8. Section 433 of the Act, enumerates the circumstances in which a company may be wound up by the Court. One of the recognized eventualities, is when it is unable to pay its debts. By applying the deeming provision of law incorporated in Section 434 of the Act, the respondent-company being unable to pay its debts, it is permissible to pass an order to wind it up under the Act. Noticeably, the respondent-company throughout has displayed an indifferent and non-challant attitude not only to the petitioner's demands for liquidation of its dues but also to the instant proceeding.

9. In UTI Bank Ltd. (Supra), in which a prayer for winding up of the respondent-company therein, was involved, the petitioner had additionally instituted a criminal proceeding under Section 138 of the Negotiable Instruments Act 1881 (as amended) by filing a criminal complaint in the appropriate Court. The plea against its maintainability on that count was negatived bythe jurisdictional High Court.

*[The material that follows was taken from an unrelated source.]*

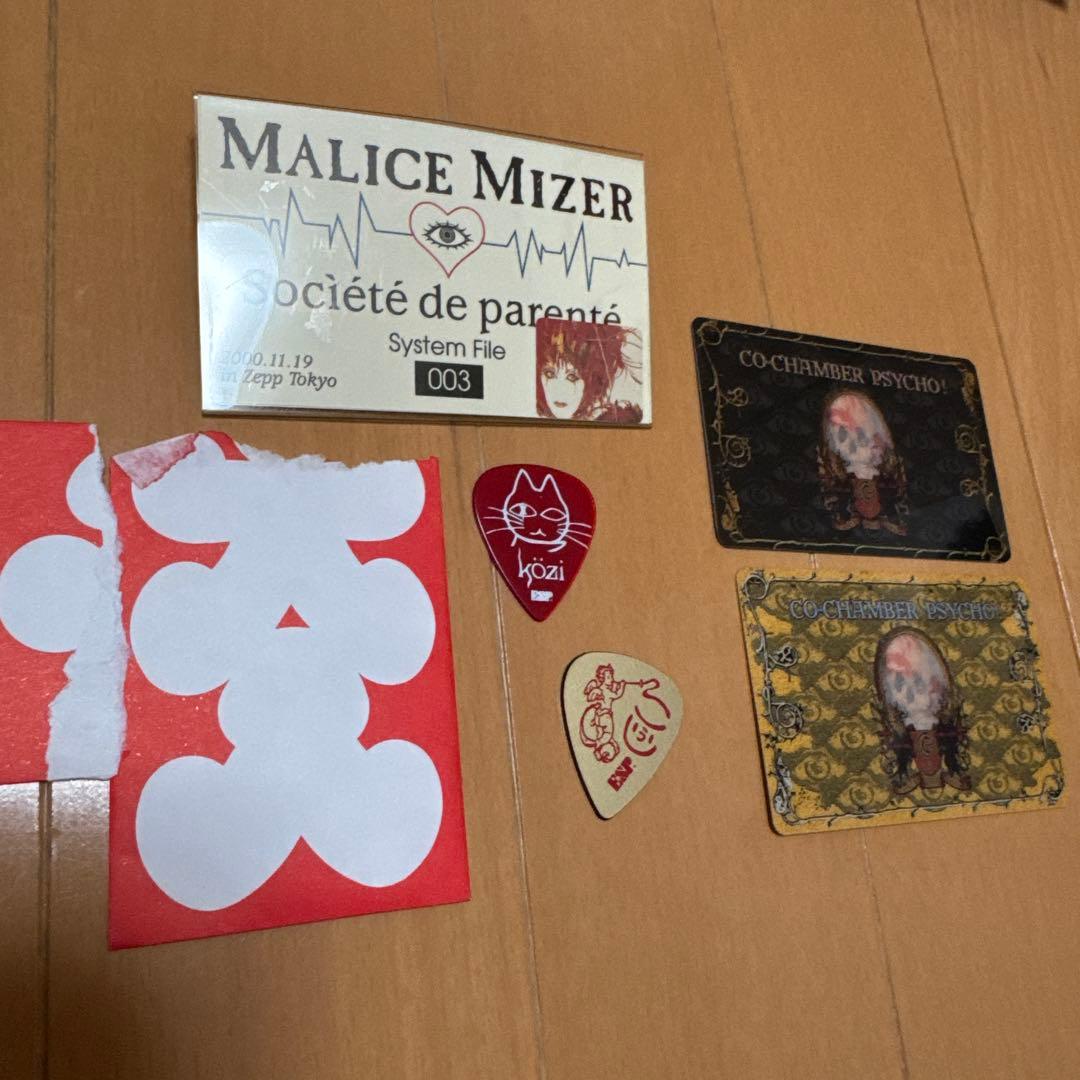 MALICE MIZER Közi 会報　雑誌切り抜き　ピック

10. As it is Section 138 of the Negotiable Instrument Act, 1881, defines a criminal offence consequent upon the dishonour of a cheque drawn by a person to discharge in whole or any part, his debts or any other liability. Though the said penal provision provides for a sentence of imprisonment, as well as of fine to the extent of an amount twice the sum of the cheque, a proceeding thereunder cannot be construed to be for recovery of the money in default. In other words, a proceeding under Section 138 of the Negotiable Instrument Act 1881, cannot be construed to be an alternative to a civil suit or any other proceeding for realization of the amount remaining unpaid as a debt following the dishonour of a cheque by the debtor. The empowerment of a Court under the legal provision to impose a fine of a sum, which may extend to twice the cheque amount, per se does not render the proceeding to be dominantly one for the recovery thereof. The remedies comprehended under the Negotiable Instrument Act 1881 and the Act, are therefore, distinctively different and not mutilative each other. In that view of the matter, I feel persuaded to sustain the contention of the learned Counsel for the petitioner bearing on the maintainability of the company petition.

11. In the wake of the above, the petition is allowed. While rendering this decision this Court is not oblivious of the detrimental consequences likely to visit the respondent-company. However, in the face of the overwhelming facts on record and the legal provisions noticed hereinabove, the prayer made ought to be acceded to. It is therefore, ordered that the respondent-company, namely, Sheba Wheels (P) Ltd., Ziakur Villa, Bishanpur Shillong (Meghalaya), be wound up in terms of the relevant provisions of the Act and the Rules framed thereunder. The Registry would take the follow up steps in accordance with the relevant legal provisions. No costs.